*** Opening Raw data ***

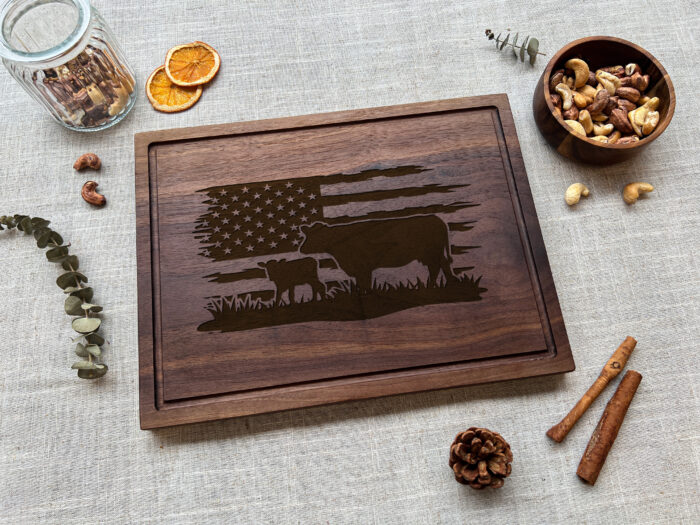 Personalized Cow Cutting Board - Farmhouse Gift | Engraved Cow Cutting Board – Custom Farm Gift for Her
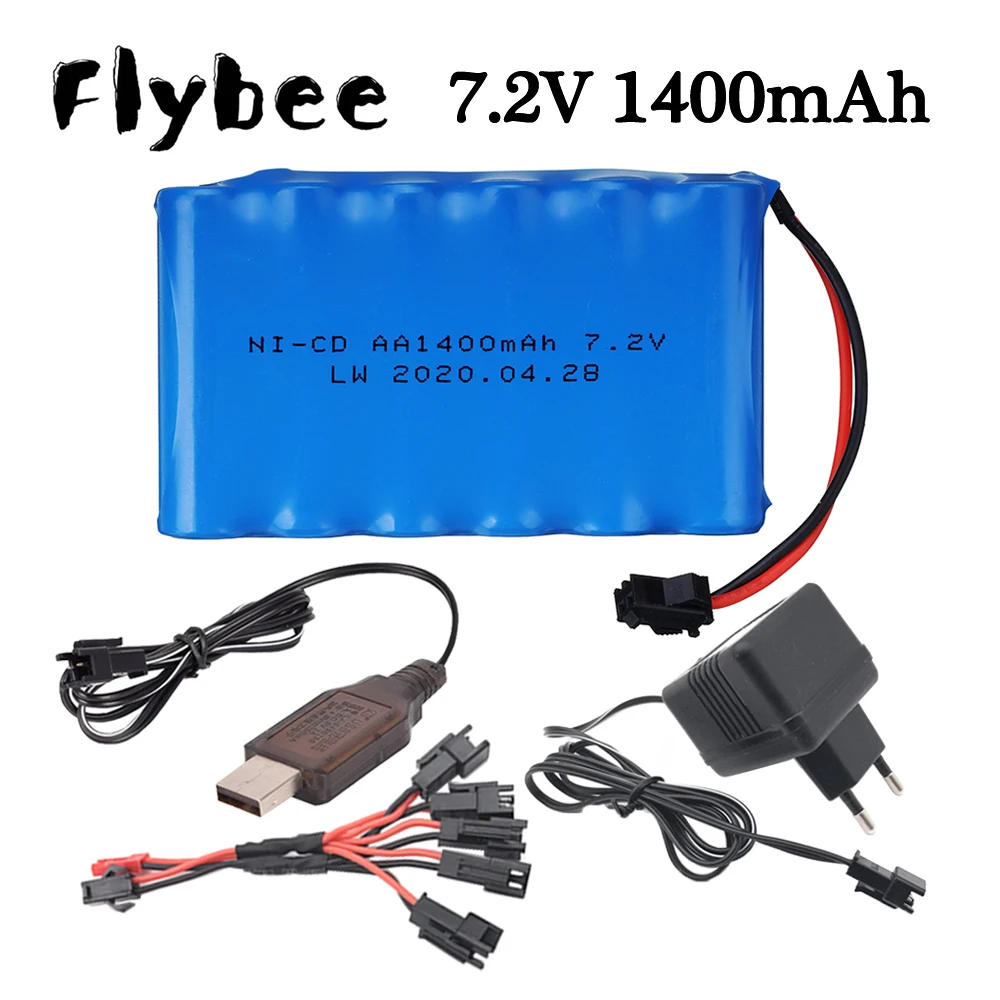 

7.2v 1400mAh NI-CD Battery + 7.2v Charger Sets For RC toys Car Tanks Trains Robot Boat Gun 7.2v 700mah AA Rechargeable Battery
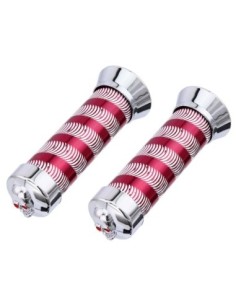 Grips 7/8 long 130mm Swirl 9518 Red/Chrome Skull.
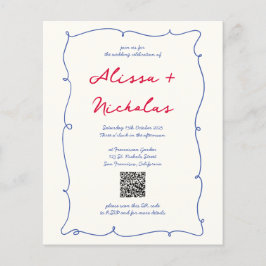 Lámina Boda de código QR del monograma colorido del presu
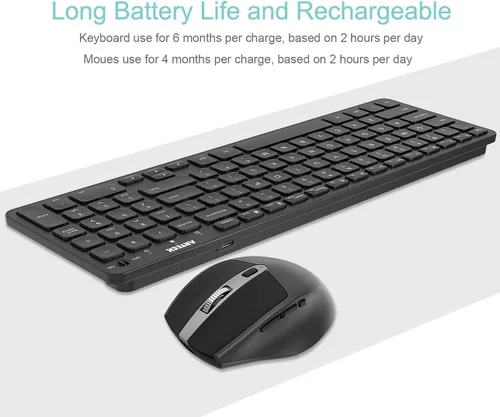 Vista 5 de Arteck Combo de teclado y mouse inalámbricos USB de 2.4G, teclado compacto ultra delgado y mouse ergonómico para computadora, computadora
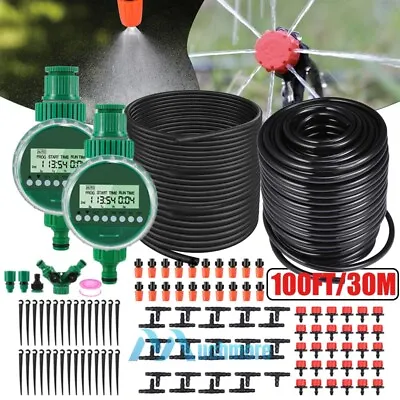 100ft Drip Irrigation System Garden Plant Self Watering Hose Sprinkler Kit+Timer • $45.73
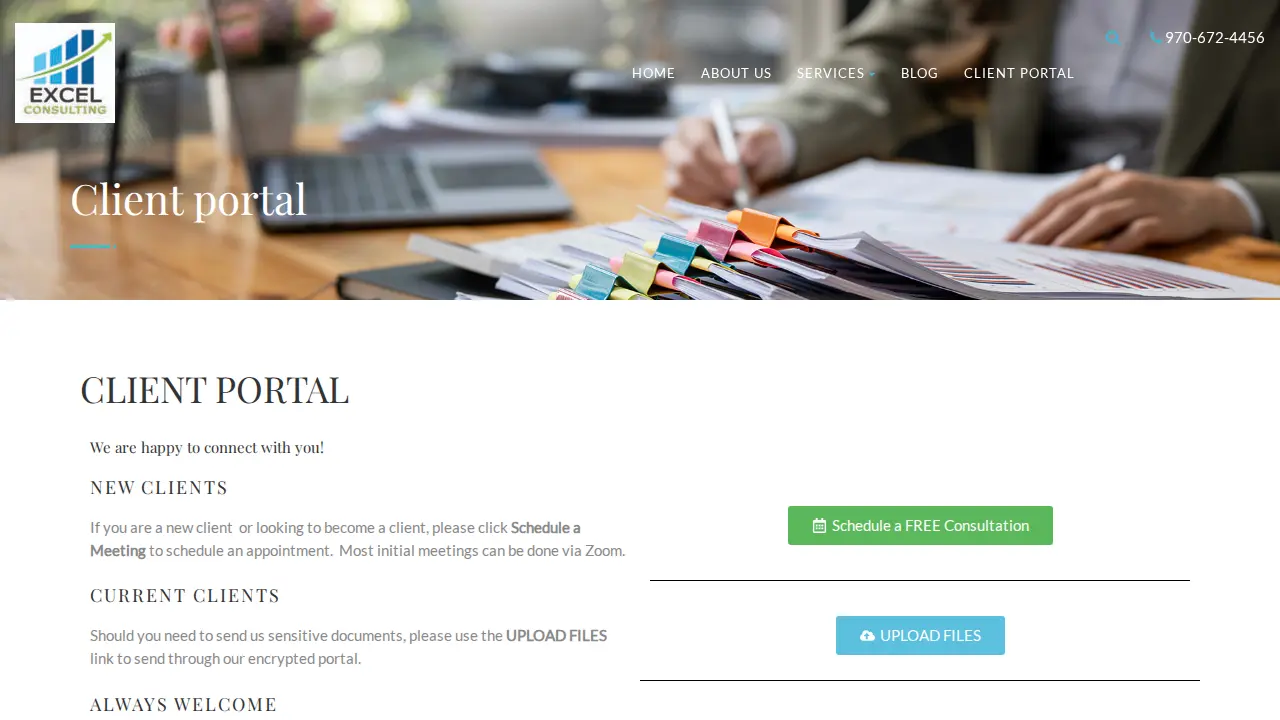 Excel Consulting Solutions page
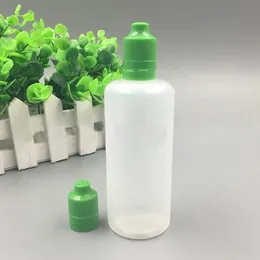 500pcs 120ml lequidボトルプラスチックドロッパー半透明のPE空のeジュースボトルカラフルな子供の証明タンパーキャップ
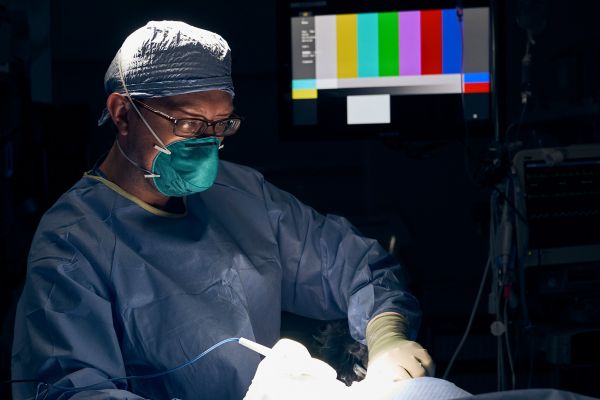 Dr McSpadden performing nasal surgery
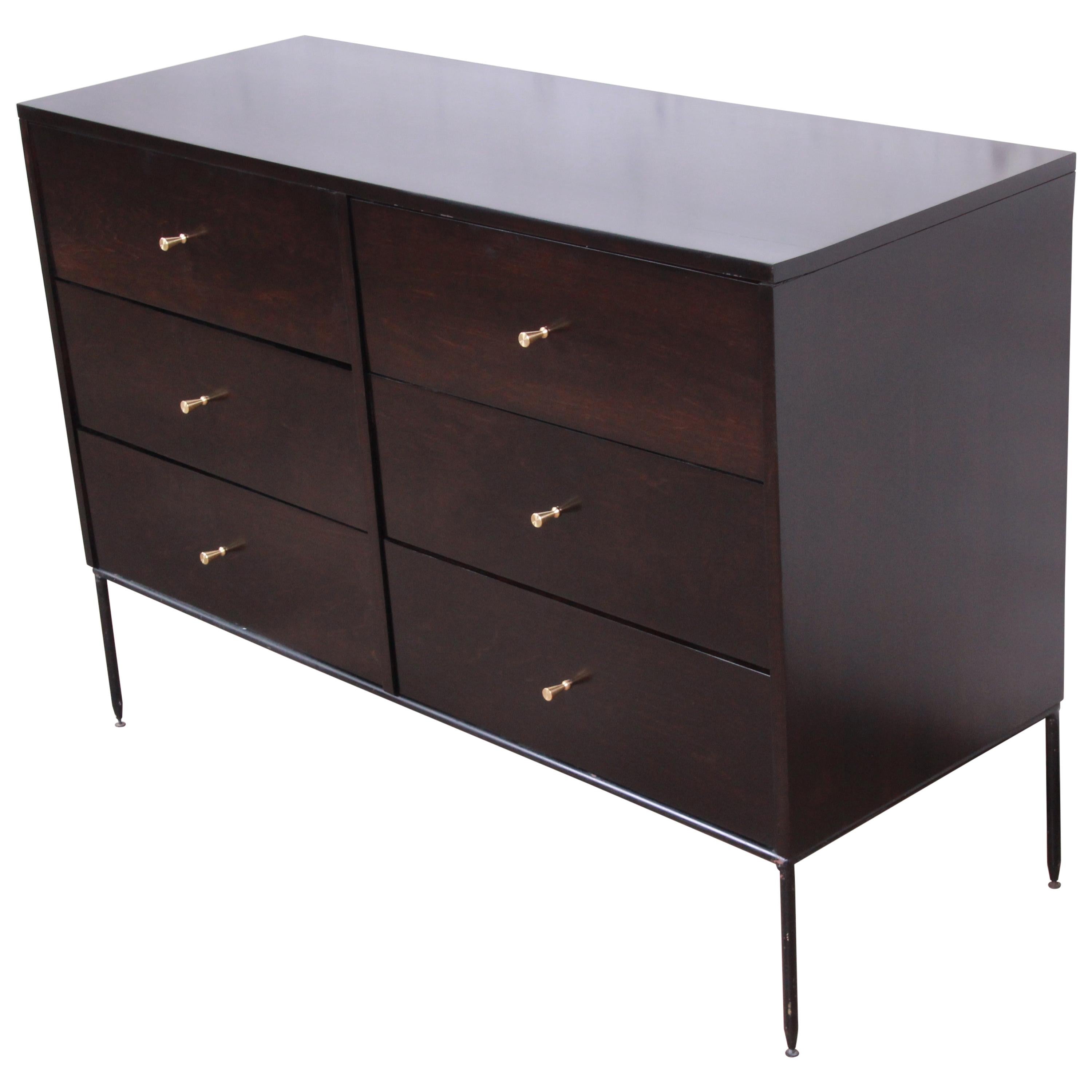 Paul McCobb Planner Group Iron Base Ebonized Dresser or Credenza, Refinished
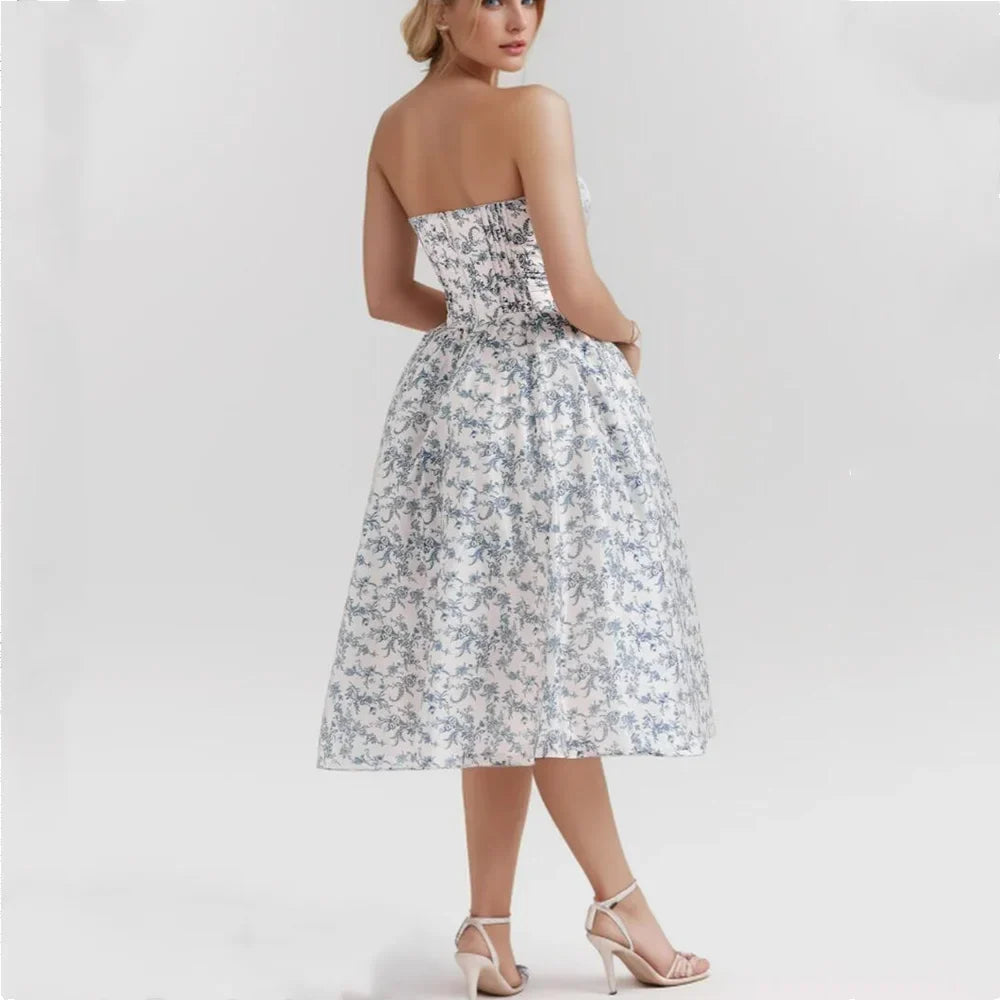Strapless Sweetheart Corset Bodice Floral Toile Pleated Pocket Midi Dress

*** Closing Raw data ***

Exercise brief: Begin at the top of the records above and retype each line exactly until the line containing "Dr McSpadden performing nasal surgery", which is included. Skip all pictures.

Task response:
 Personalized Cow Cutting Board - Farmhouse Gift | Engraved Cow Cutting Board – Custom Farm Gift for Her

7.2v 1400mAh NI-CD Battery + 7.2v Charger Sets For RC toys Car Tanks Trains Robot Boat Gun 7.2v 700mah AA Rechargeable Battery
 Grips 7/8 long 130mm Swirl 9518 Red/Chrome Skull.
 Lámina Boda de código QR del monograma colorido del presu
 Vista 5 de Arteck Combo de teclado y mouse inalámbricos USB de 2.4G, teclado compacto ultra delgado y mouse ergonómico para computadora, computadora
 100ft Drip Irrigation System Garden Plant Self Watering Hose Sprinkler Kit+Timer • $45.73
 Excel Consulting Solutions page
 500pcs 120ml lequidボトルプラスチックドロッパー半透明のPE空のeジュースボトルカラフルな子供の証明タンパーキャップ
 Dr McSpadden performing nasal surgery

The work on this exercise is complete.